Assignment:
From the line with "4th image of 7188 Waterstone Ln" to the line with "Lư hương bằng đá vàng nguyên khối.", output every line below exactly, both ends included. Skip the pictures.

Records for this task:
[Start of Attachment]
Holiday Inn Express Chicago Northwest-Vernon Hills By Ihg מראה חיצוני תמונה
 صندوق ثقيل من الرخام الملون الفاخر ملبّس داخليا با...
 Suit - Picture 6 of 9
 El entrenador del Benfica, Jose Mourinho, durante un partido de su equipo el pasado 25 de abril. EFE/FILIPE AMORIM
[End of Attachment]
[Start of Attachment]
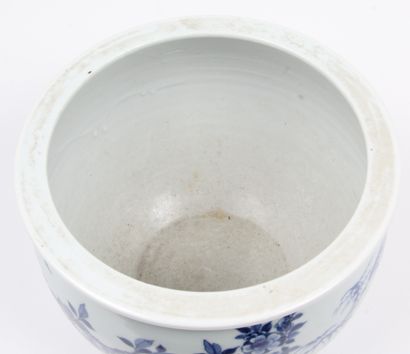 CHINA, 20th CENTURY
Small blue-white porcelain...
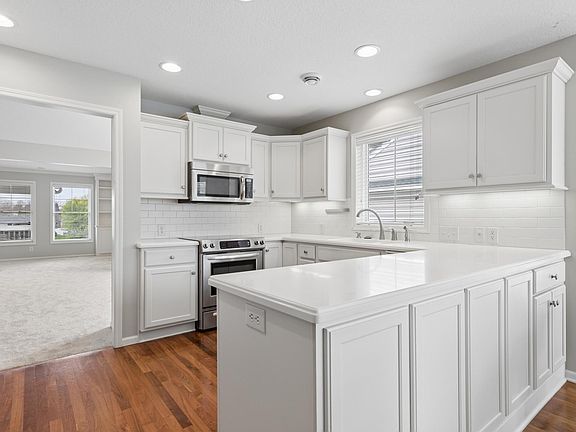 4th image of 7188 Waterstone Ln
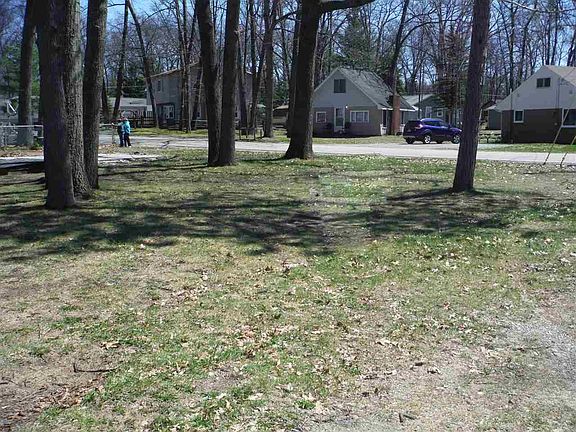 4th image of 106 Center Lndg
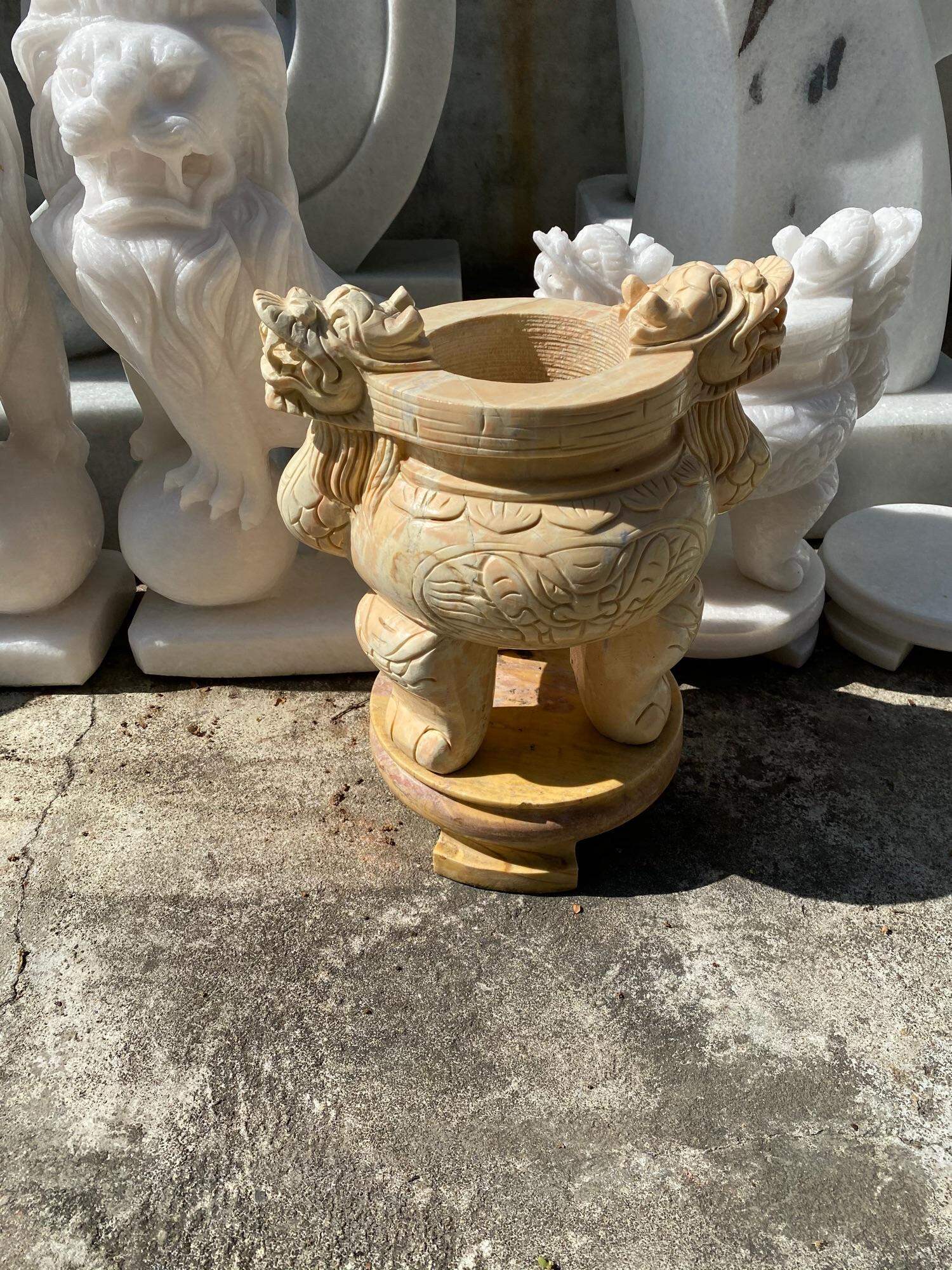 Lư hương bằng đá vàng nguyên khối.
[End of Attachment]
[Start of Attachment]
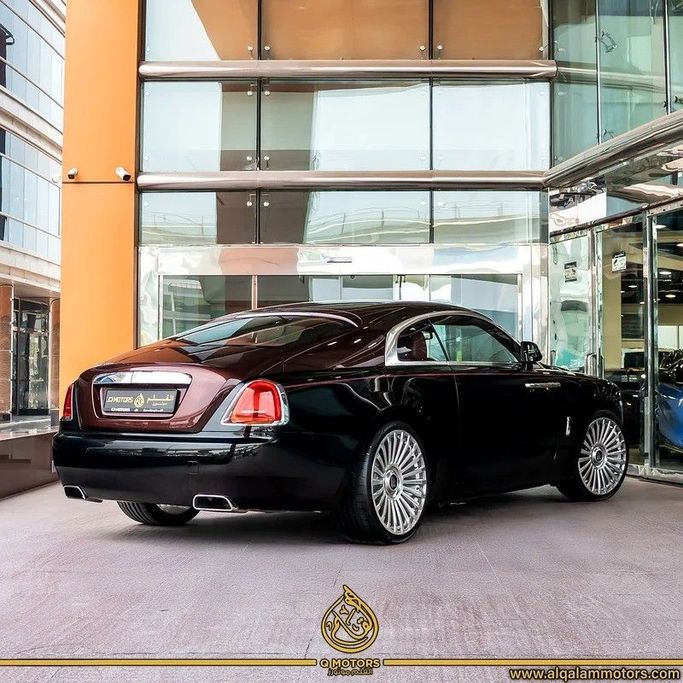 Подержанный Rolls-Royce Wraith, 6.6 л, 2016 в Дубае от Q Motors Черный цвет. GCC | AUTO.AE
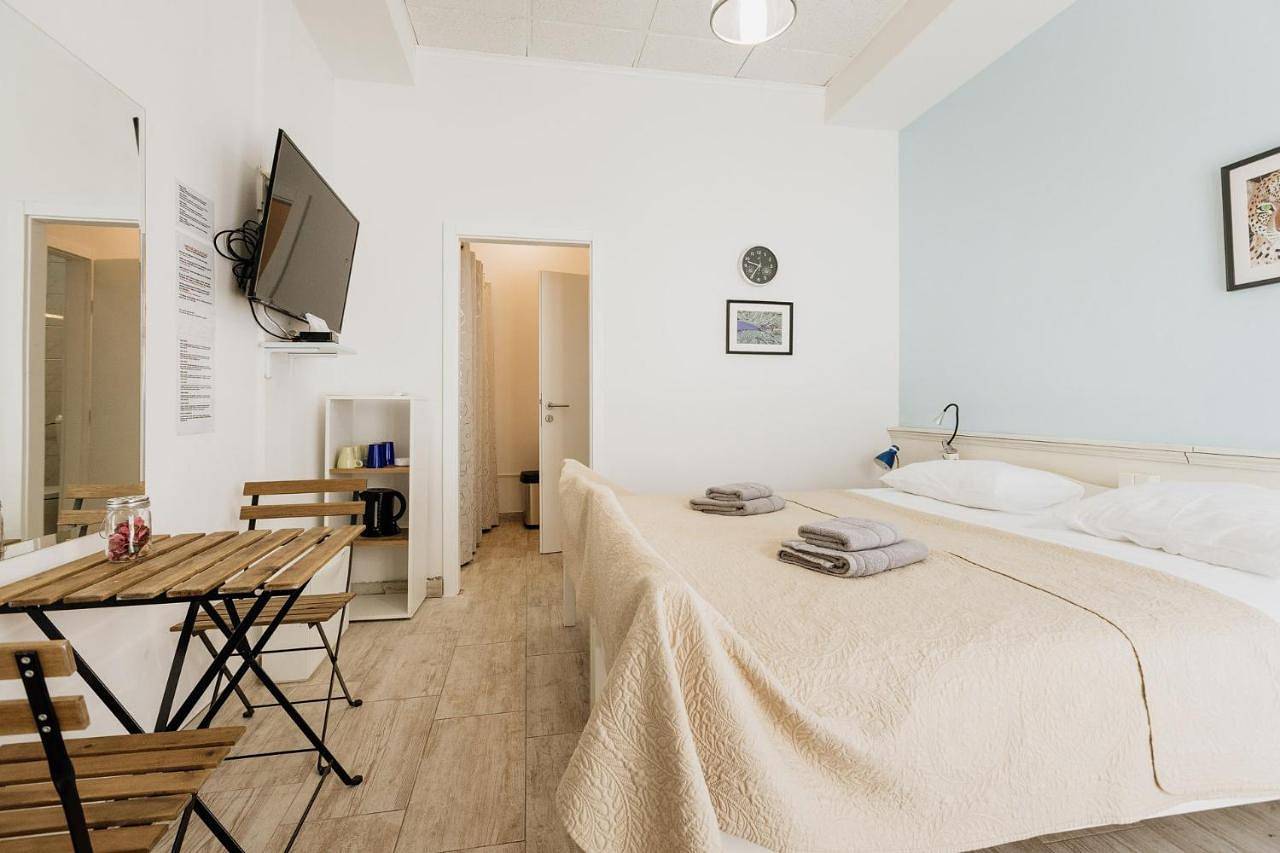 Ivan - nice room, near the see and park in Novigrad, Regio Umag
[End of Attachment]
Written answer:
 4th image of 7188 Waterstone Ln
 4th image of 106 Center Lndg
 Lư hương bằng đá vàng nguyên khối.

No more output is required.